Showing Only 1.2% Growth, GDP Is Still Anemic

Is there truly an economic recovery in progress?  You'd never know it from the GDP which increased by a mere 1.2% in the quarter ending June 30th.  It continues a very sluggish trend that started in 2014 following what had looked to be a promising post-Great Recession recovery.

Quarterly GDP Growth 2012 to Present
Economists generally consider a range of 2.5% to 3.5% GDP growth to be healthy for the economy.  Lower than 2.5% and corporate profits suffer and with them, job growth also suffers.  Higher than 3.5% and the economy starts to experience inflationary pressures.  Now, that last point is significant in this case since we've been in an extended period of under-inflation.  The Fed mandate to maintain inflation at 2% needs a boost in GDP well above what we're currently experiencing before that target grows within reach.

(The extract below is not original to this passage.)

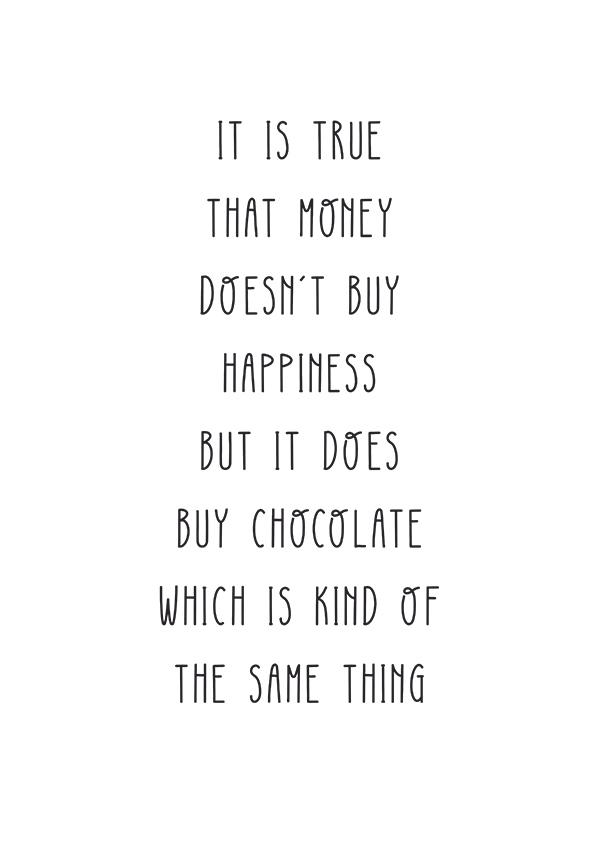 Plakát It is true that money doesn´t buy... chocolate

Low inflation, in this case, translates to lower interest rates.  Following Friday's GDP report, the Fed Funds Futures market reacted sharply, reducing the probability of a September Fed interest rate hike to only 12%, and a December probability dropped to 30%.  As we discussed two days ago, interest rates will be depressed likely right through 2017.

Yesterday's announcement made mention of a slight increase in trade, saying it added about 0.2 percentage points to overall growth.  I've read some analysts point to that figure as evidence that the impact of the strong US dollar has stabilized, however I don't believe that to be the case.  Rather, what's driving the trade growth is a drop in US imports, not an increase in exports.  (Imports are subtracted from the figure, so if imports decline, it has a net positive effect on the trade number.)  Given the strength of the dollar, a reduction in imports is a very bearish signal, indicating a decrease in demand for materials and finished products.

Along those same lines, a major factor in yesterday's anemic announcement was continued reduction in inventory restocking by businesses in the US.  This is the fifth consecutive quarter in which inventory levels have dropped, and it's a further indication that there are strong downward pressures on consumer demand and on corporate sales.  Unlike analysts that are predicting a rapid end to that trend, I see just the opposite.  Until there is a healthy increase in the hourly wage statistics and a healthy increase in the Labor Force Participation Rate, I don't see any major driver for a change in inventory stocking behavior that would add anything of significance to the GDP.

When I consider the economic warnings hidden in the Schlumberger and Union Pacific earnings calls earlier this month, I begin to see a general underlying pattern of slowing growth, slowing demand for commodities and raw materials, and a potential crack in the expected rate of consumer spending over the second half of the year.  For that pattern to reverse, we need to see a weakening of the US Dollar, a dramatic reduction in the number of Americans that are out of work, and a return to a price of oil that provides healthy growth across a wide range of industries.  None of those appear to be on the short-term horizon, which leaves me pessimistic about future growth prospects in 2016 and into the first half of 2017.